Bandwidht Usage

I have noticed that the bandwidth used in all the SDK programs i run on the 8800 GT card that I have ranges between 1.5 and 2.5 GB/s averaging 1.8 GB/s. I am lost here and quite clueless in figuring what the reason might be.

Possible that the PCI-E slot is not having that bandwidth…

People here talk about some X2, X4 etc… when it come to PCI-E bus. I dont know what it is.

It could also be with your BIOS settings.

Check out on those lines…

May b, the best brute force way would be to just change the PCI-E Slot and re-try your program… If it does not work – try checking the X2,X4 thing and the BIOS settings.

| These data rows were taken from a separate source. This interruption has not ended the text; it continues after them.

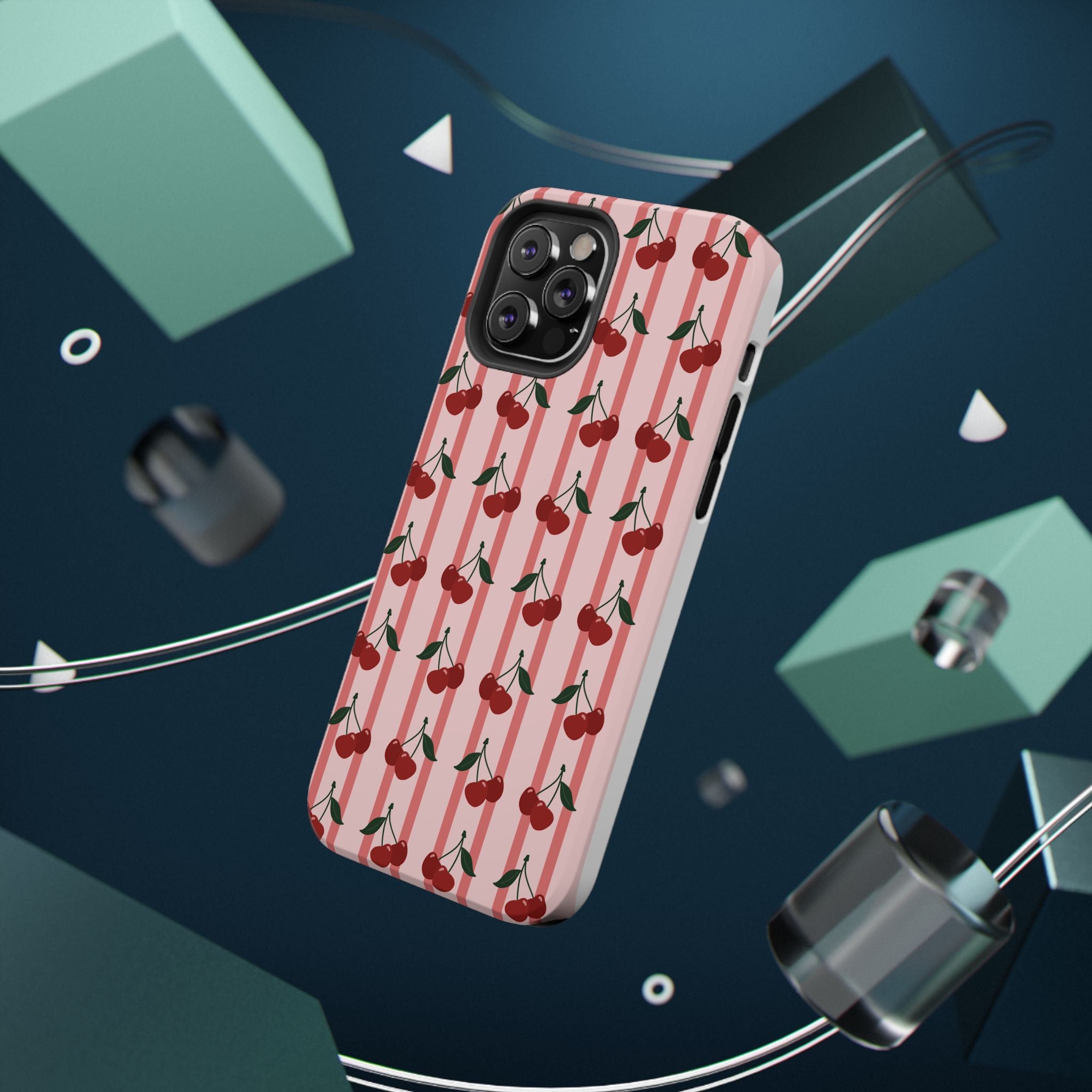 Cherry Kiss MagSafe Impact-Resistant Case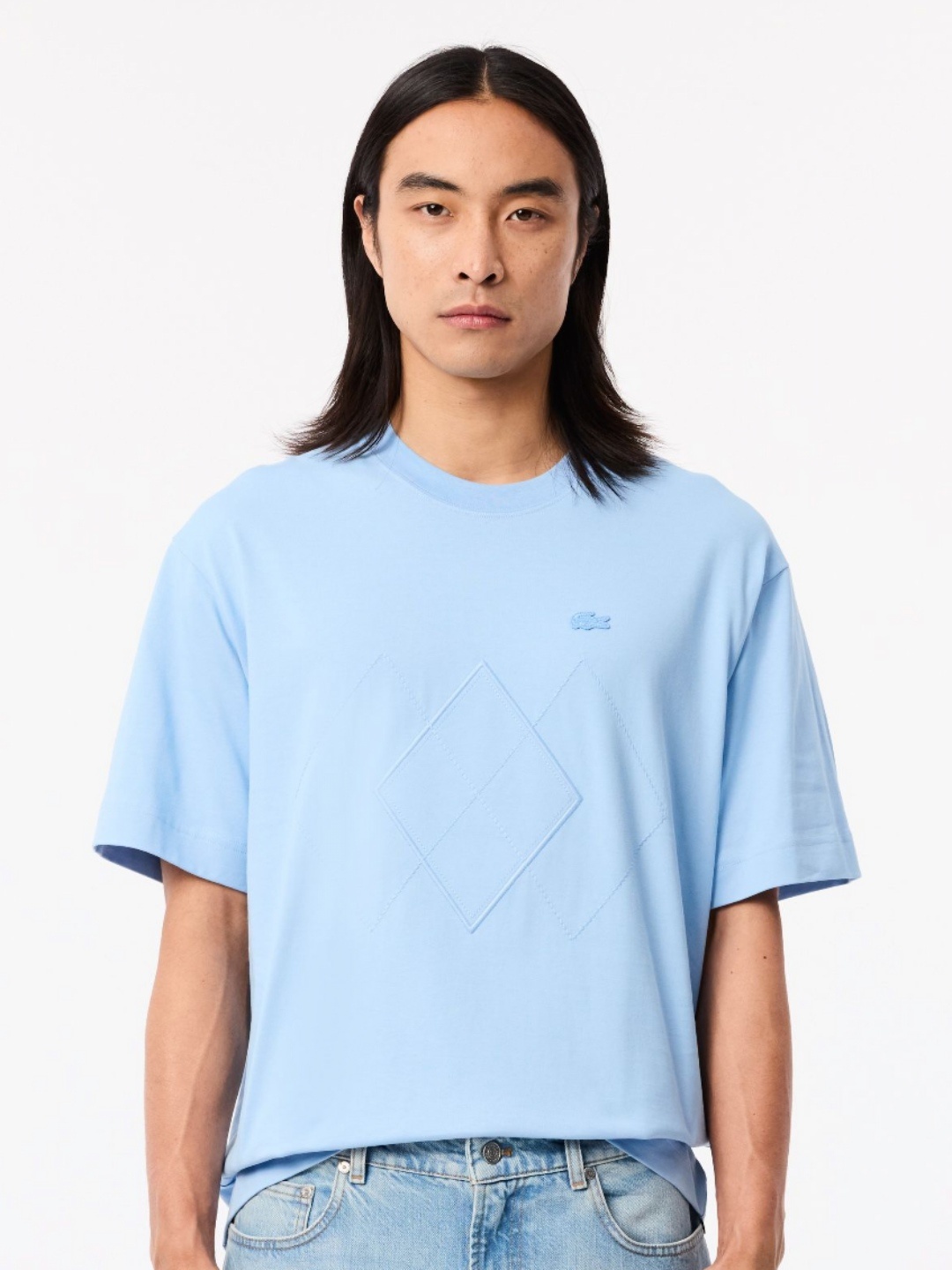 

Lacoste Men Extended Sleeves Pockets T-shirt, Blue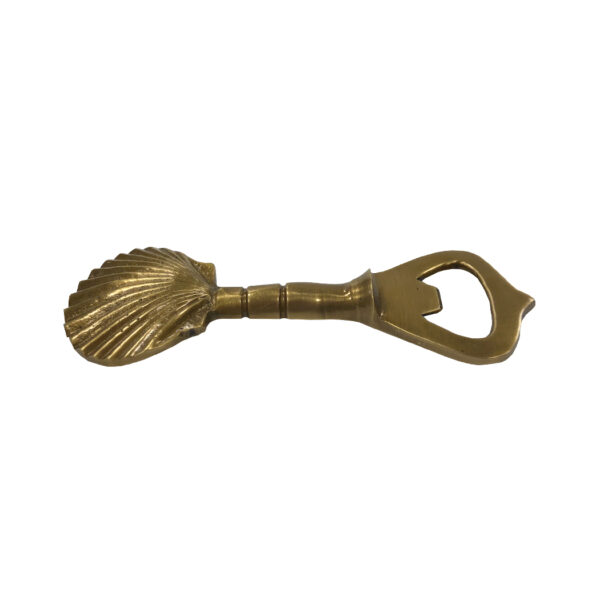 Nautical Decor & Souvenirs Nautical 4-1/4″ Antiqued Brass Sea Shell Bottle Opener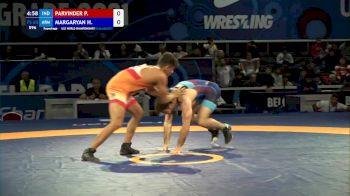 65 kg Repechage #2 - Parvinder Parvinder, Ind vs Hrachya Margaryan, Arm
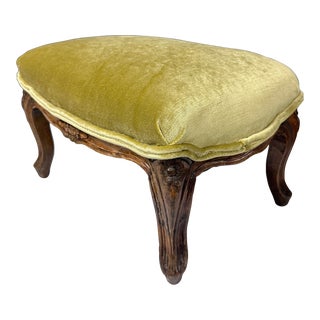 Early 20th Century French Footstool For Sale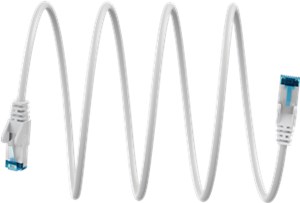 CAT 6A kabel krosowy, S/FTP (PiMF), biały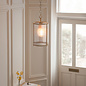 Morgan - Ribbed Glass and Antique Brass Lantern Pendant Light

I think shwetha is talking about device to device bandwidth. Have you tried different drivers? What drivers are you running now?

It’s also possible the card is borked and should be replaced.

Along similar lines, what are reasonable bandwidths for a GTX280 OC,

this is my bandwidth test output and seems relatively low compared to what I’ve read elsewhere on these forums (~1.3 GB/sec for non paged-locked and up to 3GB/sec for paged-locked)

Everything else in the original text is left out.